### [MATERIAL SUPPLIED]
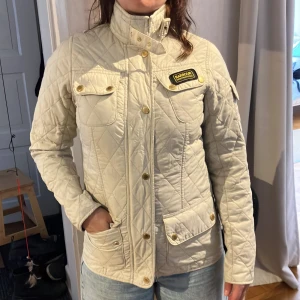 Beige quiltad jacka från Barbour International - Säljer en beige quiltad jacka från Barbour International med guldiga knappar och dragkedja. Jackan har hög krage, flera fickor och en klassisk Barbour-logga på bröstet. Perfekt för vår och höst, snygg och tidlös design.
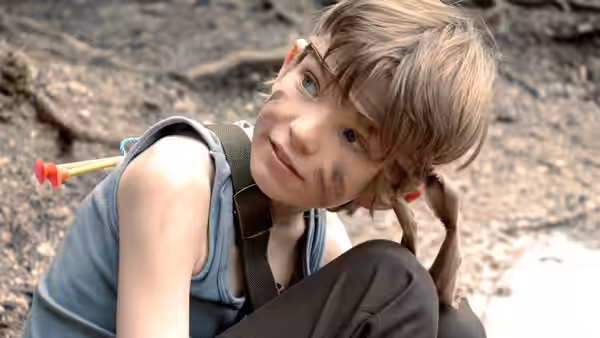 Will Proudfoot (Bill Milner) crouches on rocky ground with face paint and a toy dart tucked into his bag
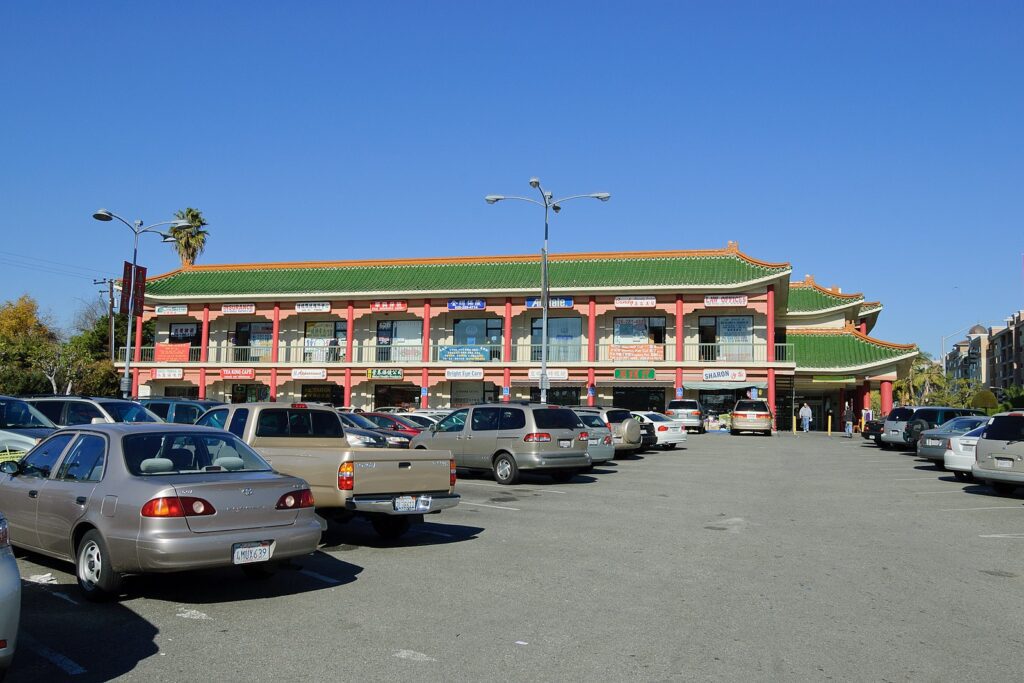 Photo of a shopping plaza with Asian-inspired architecture. Several Asian businesses display signs at the plaza's the front exterior. Cars are parked in the plaza lot.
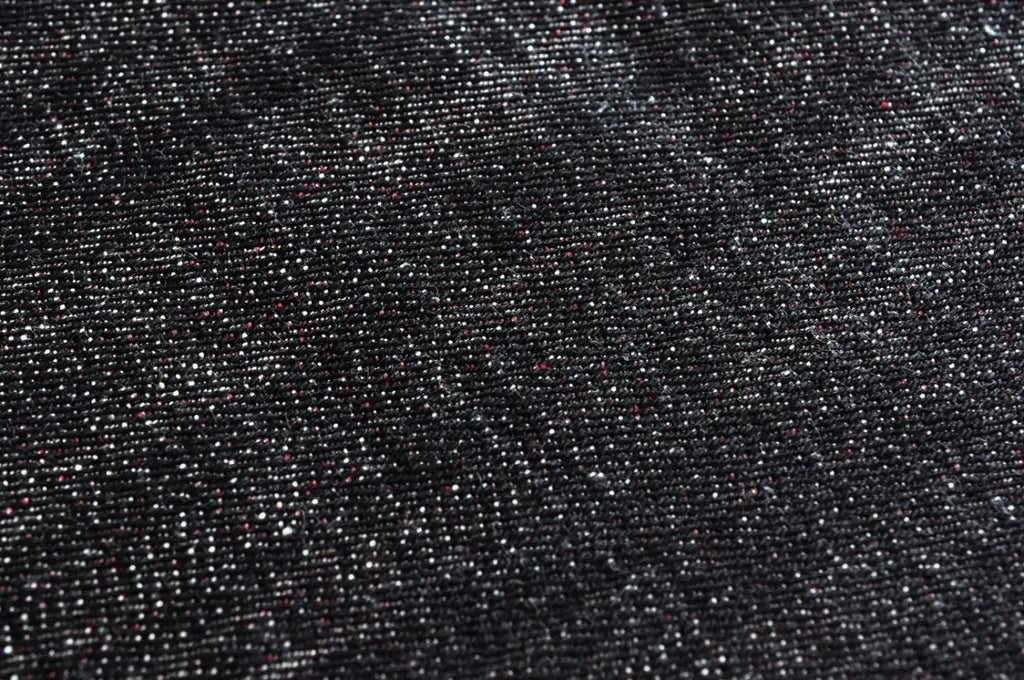 Dark denim fabric with subtle white and faint red speckled texture of Saucezhan Fire Selvedge tapered raw denim jeans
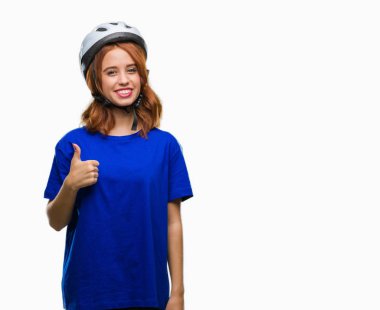 Genç güzel kadın hareketi el ile mutlu yaşasın yapıyor izole arka plan üzerinde bisikletçi kask giyiyor. Kameraya bakarak başarı gösteren ile ifade onaylama.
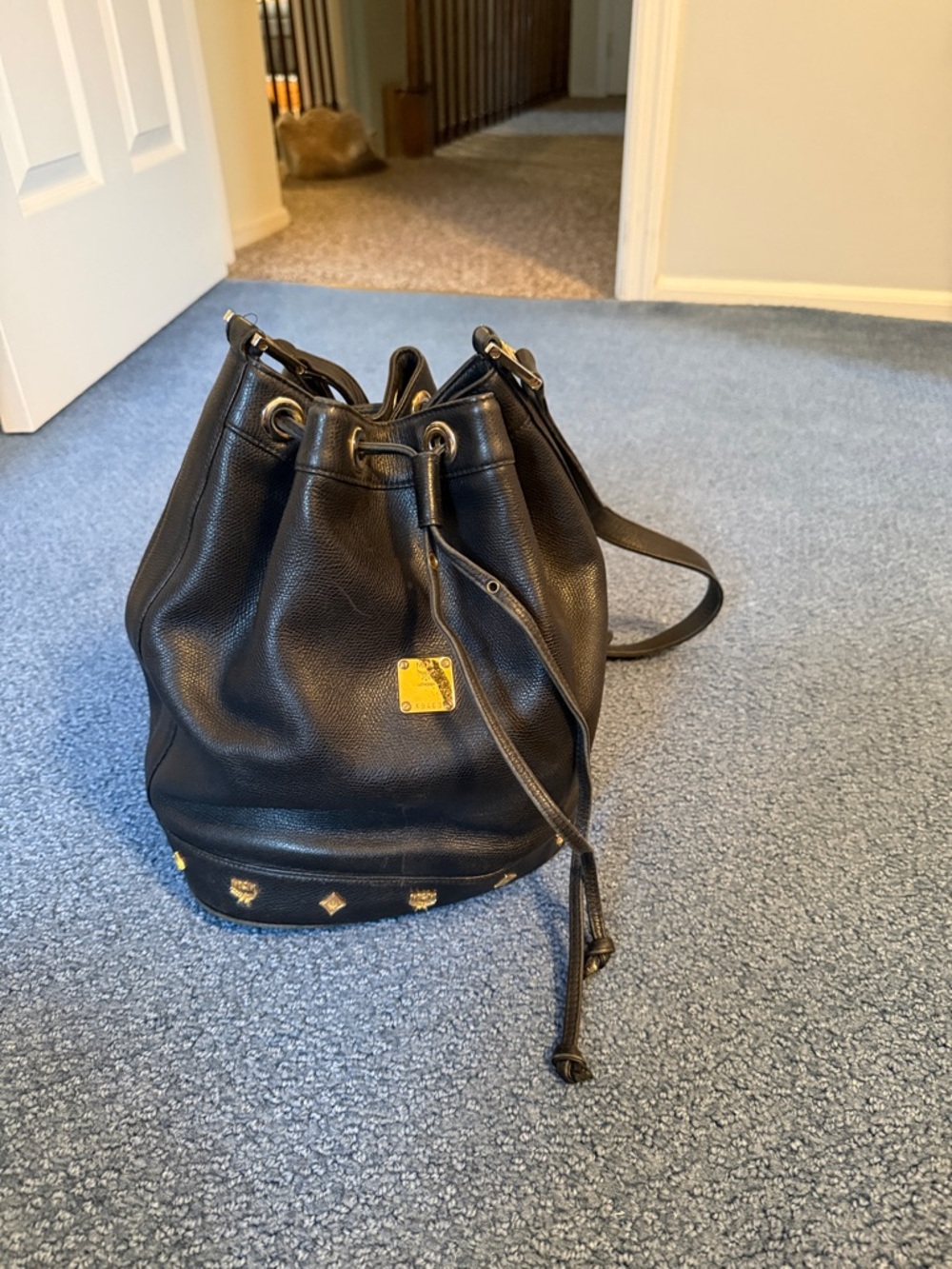 MCM Black Leather Drawstring Bucket Bag with Gold Hardware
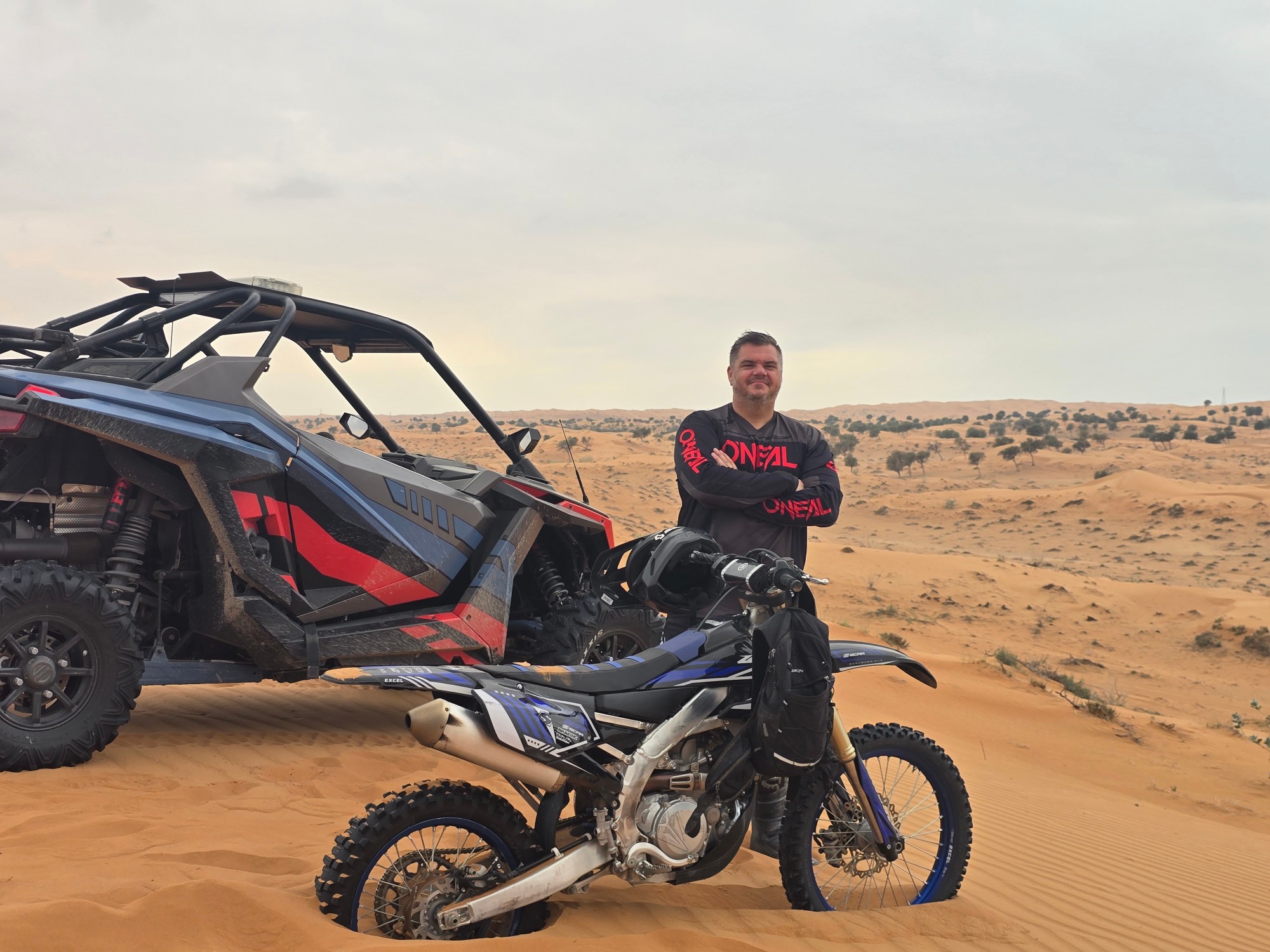 Rider standing beside a Yamaha dirt bike and a Polaris RZR in the Ras Al Khaimah desert
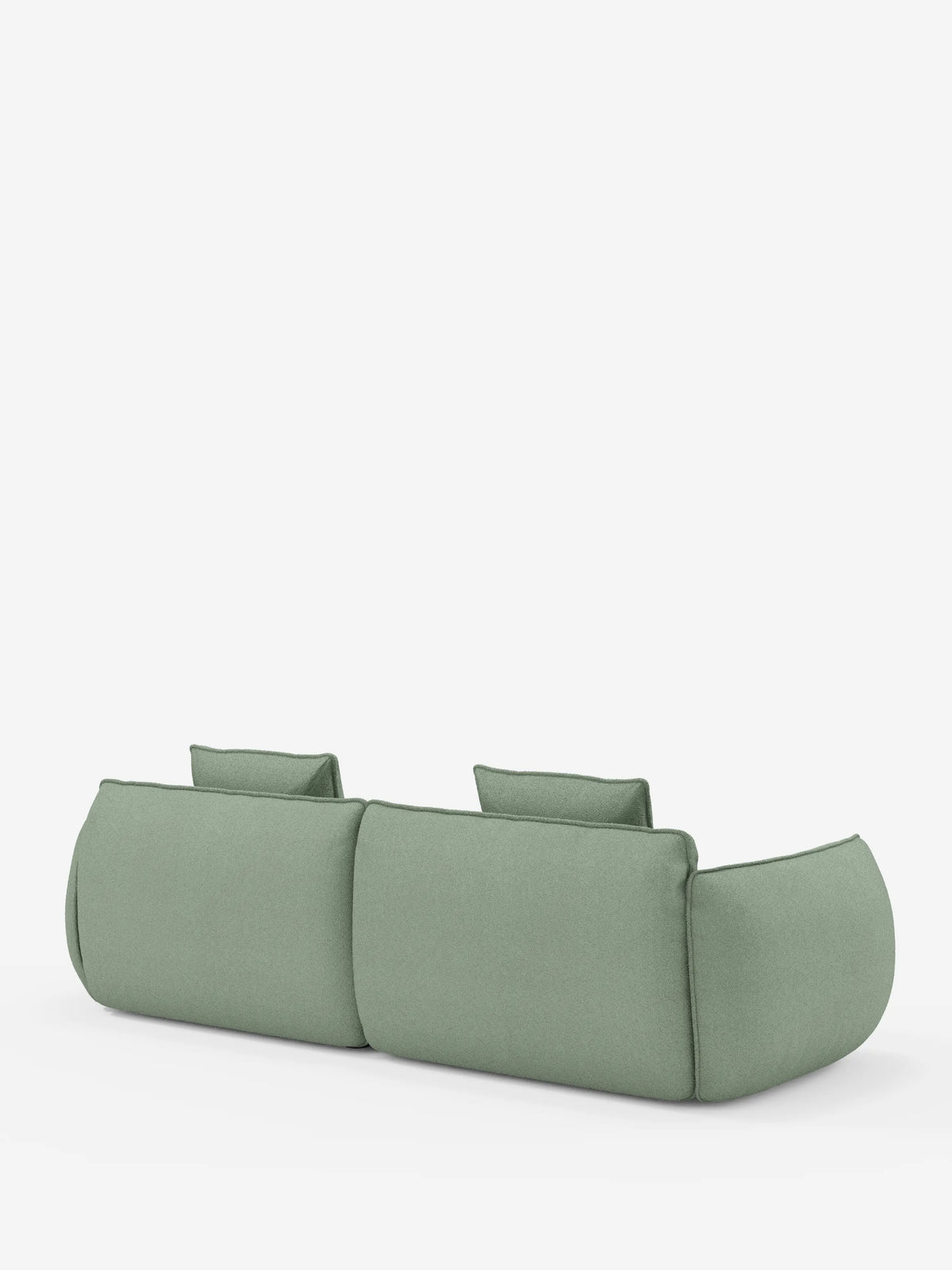 Il divano Nimbus, un modello moderno e minimalista a 3 posti, modulare e componibile da 250 cm di divitt.sbs, è rivestito in tessuto effetto cotone resistente alle macchie color verde salvia (t33) e presenta due cuscini dello schienale. Visto da dietro su uno sfondo bianco a tinta unita, questo divano mette in risalto la sua forma morbida e arrotondata, senza gambe visibili, per un look elegante e basso rispetto al pavimento.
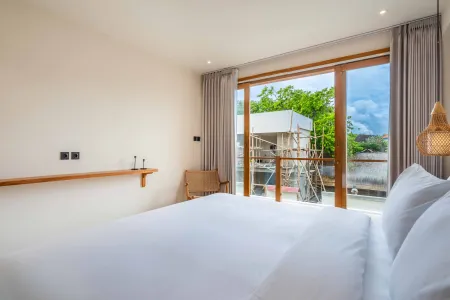 Serene tropical bedroom with king bed, wooden accents, and open sliding doors revealing a lush riverside view at dusk.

### [EXERCISE DESCRIPTION]
Full transcription of the material, exact in every line, without images.

### [REPLY TO THE EXERCISE]
 Beige quiltad jacka från Barbour International - Säljer en beige quiltad jacka från Barbour International med guldiga knappar och dragkedja. Jackan har hög krage, flera fickor och en klassisk Barbour-logga på bröstet. Perfekt för vår och höst, snygg och tidlös design.
 Will Proudfoot (Bill Milner) crouches on rocky ground with face paint and a toy dart tucked into his bag
 Photo of a shopping plaza with Asian-inspired architecture. Several Asian businesses display signs at the plaza's the front exterior. Cars are parked in the plaza lot.
 Dark denim fabric with subtle white and faint red speckled texture of Saucezhan Fire Selvedge tapered raw denim jeans
 Genç güzel kadın hareketi el ile mutlu yaşasın yapıyor izole arka plan üzerinde bisikletçi kask giyiyor. Kameraya bakarak başarı gösteren ile ifade onaylama.
 MCM Black Leather Drawstring Bucket Bag with Gold Hardware
 Rider standing beside a Yamaha dirt bike and a Polaris RZR in the Ras Al Khaimah desert
 Il divano Nimbus, un modello moderno e minimalista a 3 posti, modulare e componibile da 250 cm di divitt.sbs, è rivestito in tessuto effetto cotone resistente alle macchie color verde salvia (t33) e presenta due cuscini dello schienale. Visto da dietro su uno sfondo bianco a tinta unita, questo divano mette in risalto la sua forma morbida e arrotondata, senza gambe visibili, per un look elegante e basso rispetto al pavimento.
 Serene tropical bedroom with king bed, wooden accents, and open sliding doors revealing a lush riverside view at dusk.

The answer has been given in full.